Matrices
Symbolica documentation for getting started, symbolic expressions, numerical evaluation, pattern matching, and APIs in Python and Rust.
The Matrix data structure allows users to do linear algebra operations in Symbolica.
Construction
Matrices can be created through one of the following constructors:
from symbolica import *
i = Matrix.identity(2)
e = Matrix.eye([1, 2, 3])
l = Matrix.from_linear(3, 2, [1, 2, 3, 4, 5, 6])
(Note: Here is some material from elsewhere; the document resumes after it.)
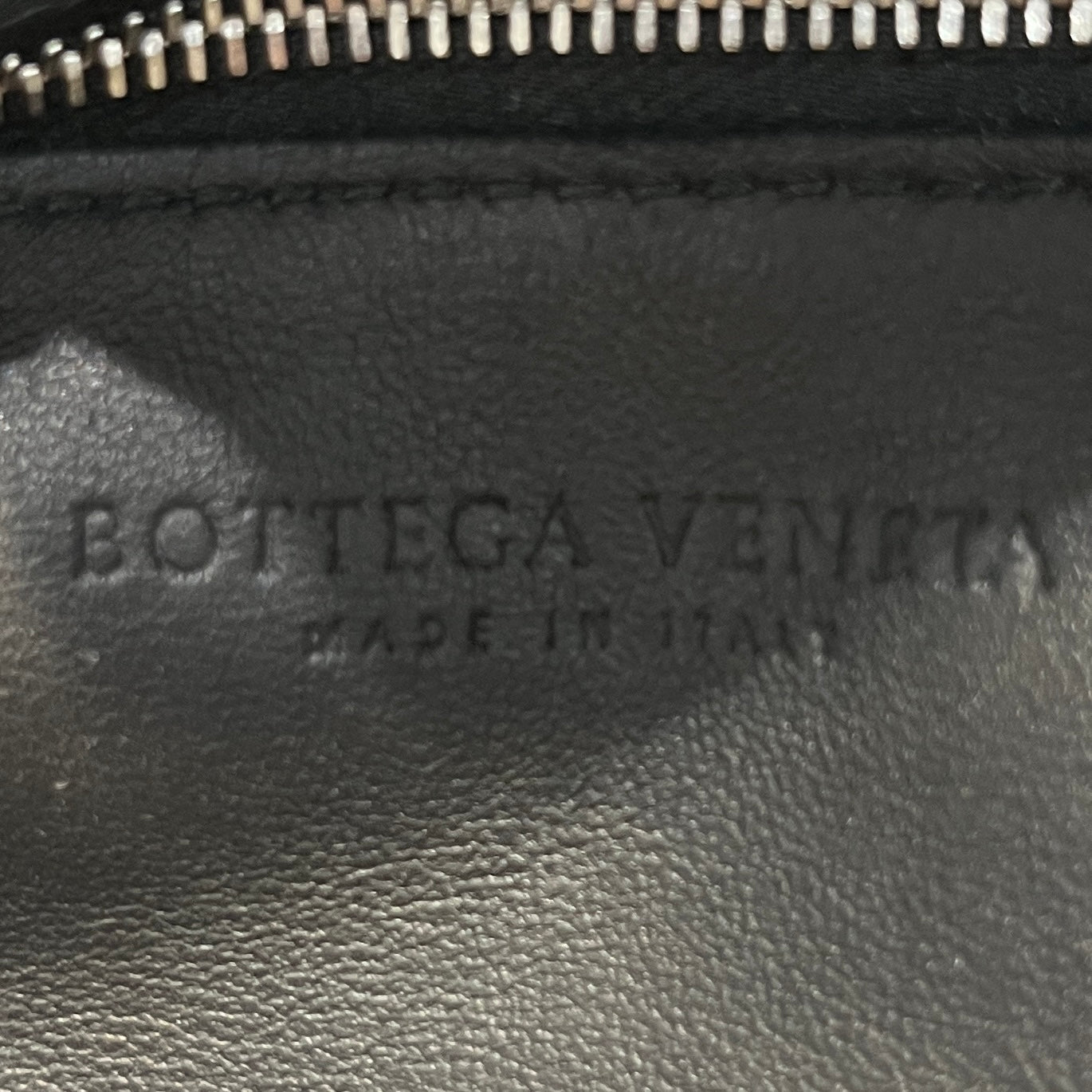 BOTTEGA VENETA/Cross Body Bag/Leather/BLK/CASETTE BAG/ WOVEN view 4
n = Matrix.from_nested([[1, 2, 3], [4, 5, 6]])use symbolica::domains::integer::IntegerRing;
use symbolica::domains::rational::RationalField;
use symbolica::tensors::matrix::Matrix;
fn main() {
let i = Matrix::identity(2, IntegerRing::new());
let e = Matrix::identity(&[1.into(), 2.into(), 3.into()], IntegerRing::new());
let l = Matrix::from_linear(
vec![
1u64.into(),
2u64.into(),
3u64.into(),
4u64.into(),
5u64.into(),
6u64.into(),
],
3,
2,
IntegerRing::new(),
)
.unwrap();
let n = Matrix::from_nested(
vec![
vec![1.into(), 2.into(), 3.into()],
vec![4.into(), 5.into(), 6.into()],
],
IntegerRing::new(),
)
.unwrap();
}Output
i = {{1,0},{0,1}}
e = {{1,0,0},{0,2,0},{0,0,3}}
l = {{1,2},{3,4},{5,6}}
n = {{1,2,3},{4,5,6}}
Arithmetic
Matrices can be multiplied, added and subtracted using overloaded operators.
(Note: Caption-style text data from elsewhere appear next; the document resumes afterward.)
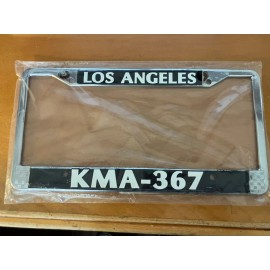 NEW LAPD GENUINE POLICE KMA-367 CHROME METAL LICENSE PLATE FRAME  CHP 11-99 NEW
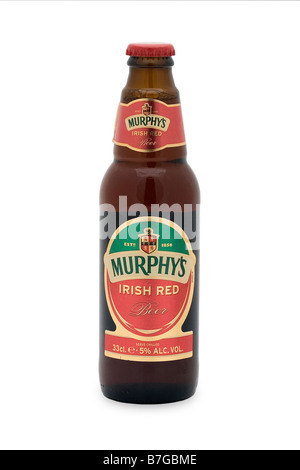 Murphy rote Irisches Bier Irland schwindlig dunkle Bernsteinfarbe aktualisieren Hopfen hergestellt Stockfoto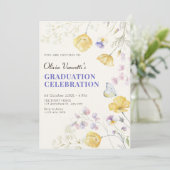 Eleganter Abschluss Einladung (Stehend Vorderseite)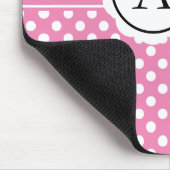 ガーリー点及び動物プリントモノグラム マウスパッド (コーナー)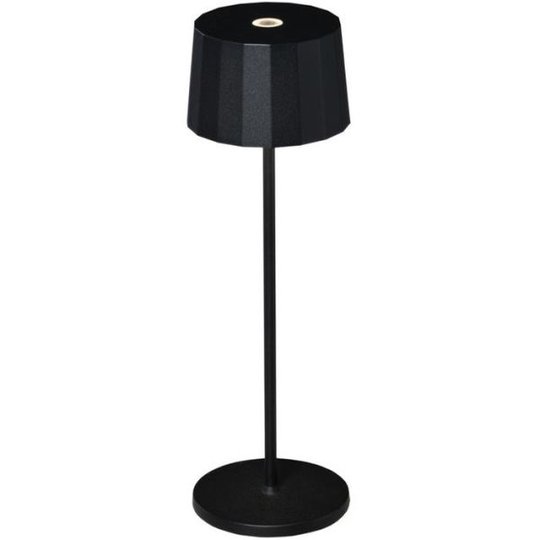 Konstsmide Positano Pöytävalaisin USB, 2,2W Musta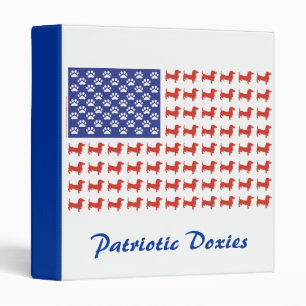 USA Patriotic Doxies Binder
l = Matrix.from_linear(3, 2, [1, 2, 3, 4, 5, 6])
n = Matrix.from_nested([[1, 2, 3], [4, 5, 6]])
l * n + Matrix.identity(3) let c = &l * &n + &Matrix::identity(3, IntegerRing::new());Output
{{10,12,15},{19,27,33},{29,40,52}}
In Rust, the type of argument of the matrix can be selected, e.g. Matrix<Rational>. In Python, the default is a matrix over rational polynomials, i.e. Matrix<RationalPolynomial<Integer, u16>> in Rust.
Common operations
For matrices over fields, determinants and inverses can be computed.
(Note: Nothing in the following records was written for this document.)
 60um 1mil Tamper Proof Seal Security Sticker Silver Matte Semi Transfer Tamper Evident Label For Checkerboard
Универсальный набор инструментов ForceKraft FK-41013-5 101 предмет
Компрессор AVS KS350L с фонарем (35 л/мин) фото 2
t = Expression.symbol('t')
a = Matrix.from_nested([[t, 2], [3, 4]])
print('a =', a)
print('a^-1 =', a.inv())
print('det(a) =', a.det()) println!("a = {}", a);
println!("a^-1 = {}", a.inv().unwrap());
println!("det(a) = {}", a.det().unwrap());Output
a = {{t,2},{3,4}}
a^-1 = {{2/(-3+2*t),-3/(-6+4*t)},{-3/(-6+4*t),t/(-6+4*t)}}
det(a) = -6+4*t
The matrix equation \[\mathbf{A} \cdot \vec{x} = \vec{b}\] can be solved as well:
from symbolica import *
t = Expression.symbol('t')
a = Matrix.from_nested([[t, 2], [3, 4]])
a.solve(Matrix.vec([4, 3])) let r = a.solve(&b).unwrap();
println!("{} . x = {} => x = {}", a, b, r);Output
{{5/(-3+2*t)},{(-12+3*t)/(-6+4*t)}}
Matrices can also be indexed using a (row, column) tuple, which yields the entry.